MATERIAL TO PROCESS section start

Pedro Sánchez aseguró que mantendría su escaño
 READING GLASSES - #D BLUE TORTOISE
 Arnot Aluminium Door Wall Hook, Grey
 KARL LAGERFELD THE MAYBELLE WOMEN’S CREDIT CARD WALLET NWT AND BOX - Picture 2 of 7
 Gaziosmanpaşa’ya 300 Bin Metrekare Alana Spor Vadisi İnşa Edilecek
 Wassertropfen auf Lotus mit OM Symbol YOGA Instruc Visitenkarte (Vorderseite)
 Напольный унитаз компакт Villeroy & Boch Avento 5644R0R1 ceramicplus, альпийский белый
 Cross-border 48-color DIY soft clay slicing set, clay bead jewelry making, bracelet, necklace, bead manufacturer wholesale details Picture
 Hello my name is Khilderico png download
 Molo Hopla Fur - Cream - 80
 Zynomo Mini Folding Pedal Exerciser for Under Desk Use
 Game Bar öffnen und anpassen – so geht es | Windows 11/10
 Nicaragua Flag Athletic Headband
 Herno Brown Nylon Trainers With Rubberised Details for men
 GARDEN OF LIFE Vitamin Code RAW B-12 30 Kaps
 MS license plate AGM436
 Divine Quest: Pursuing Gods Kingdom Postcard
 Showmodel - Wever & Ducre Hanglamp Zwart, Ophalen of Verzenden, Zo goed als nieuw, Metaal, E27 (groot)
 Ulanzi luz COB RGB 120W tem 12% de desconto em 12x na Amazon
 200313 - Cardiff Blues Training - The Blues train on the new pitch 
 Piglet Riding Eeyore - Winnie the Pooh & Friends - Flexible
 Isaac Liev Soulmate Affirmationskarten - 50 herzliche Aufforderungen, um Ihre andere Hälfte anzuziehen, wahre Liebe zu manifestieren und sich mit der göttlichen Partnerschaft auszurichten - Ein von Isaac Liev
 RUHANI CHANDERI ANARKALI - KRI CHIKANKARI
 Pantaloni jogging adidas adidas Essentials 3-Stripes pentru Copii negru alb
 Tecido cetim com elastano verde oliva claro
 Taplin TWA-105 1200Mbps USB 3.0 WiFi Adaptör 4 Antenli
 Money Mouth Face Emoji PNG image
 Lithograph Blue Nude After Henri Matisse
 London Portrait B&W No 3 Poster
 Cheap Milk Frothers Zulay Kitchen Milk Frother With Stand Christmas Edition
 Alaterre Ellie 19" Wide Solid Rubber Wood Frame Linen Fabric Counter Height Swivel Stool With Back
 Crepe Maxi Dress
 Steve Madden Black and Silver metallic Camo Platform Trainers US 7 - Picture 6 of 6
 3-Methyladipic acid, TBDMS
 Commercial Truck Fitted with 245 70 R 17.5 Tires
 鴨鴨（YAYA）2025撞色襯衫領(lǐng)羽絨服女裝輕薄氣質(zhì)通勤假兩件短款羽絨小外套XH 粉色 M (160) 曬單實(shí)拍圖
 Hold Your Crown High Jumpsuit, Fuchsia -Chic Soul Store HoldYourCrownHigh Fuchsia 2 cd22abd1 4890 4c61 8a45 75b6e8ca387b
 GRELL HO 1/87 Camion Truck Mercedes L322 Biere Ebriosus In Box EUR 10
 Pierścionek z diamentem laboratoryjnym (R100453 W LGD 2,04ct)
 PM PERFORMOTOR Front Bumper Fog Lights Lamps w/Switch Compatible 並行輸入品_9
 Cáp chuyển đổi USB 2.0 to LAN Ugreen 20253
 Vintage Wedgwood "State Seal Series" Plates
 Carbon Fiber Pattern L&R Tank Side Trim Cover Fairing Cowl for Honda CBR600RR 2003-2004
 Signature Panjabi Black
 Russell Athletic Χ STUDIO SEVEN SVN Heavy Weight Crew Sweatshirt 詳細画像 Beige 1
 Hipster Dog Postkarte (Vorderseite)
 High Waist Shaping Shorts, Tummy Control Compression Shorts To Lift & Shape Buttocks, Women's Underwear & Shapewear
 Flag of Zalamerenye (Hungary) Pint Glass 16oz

MATERIAL TO PROCESS section end

> WORK ITEM:
Retype exactly the lines from the start of the entries through the one with "Gaziosmanpaşa’ya 300 Bin"; include both ends.

> RESPONSE TO THE TASK:
Pedro Sánchez aseguró que mantendría su escaño
 READING GLASSES - #D BLUE TORTOISE
 Arnot Aluminium Door Wall Hook, Grey
 KARL LAGERFELD THE MAYBELLE WOMEN’S CREDIT CARD WALLET NWT AND BOX - Picture 2 of 7
 Gaziosmanpaşa’ya 300 Bin Metrekare Alana Spor Vadisi İnşa Edilecek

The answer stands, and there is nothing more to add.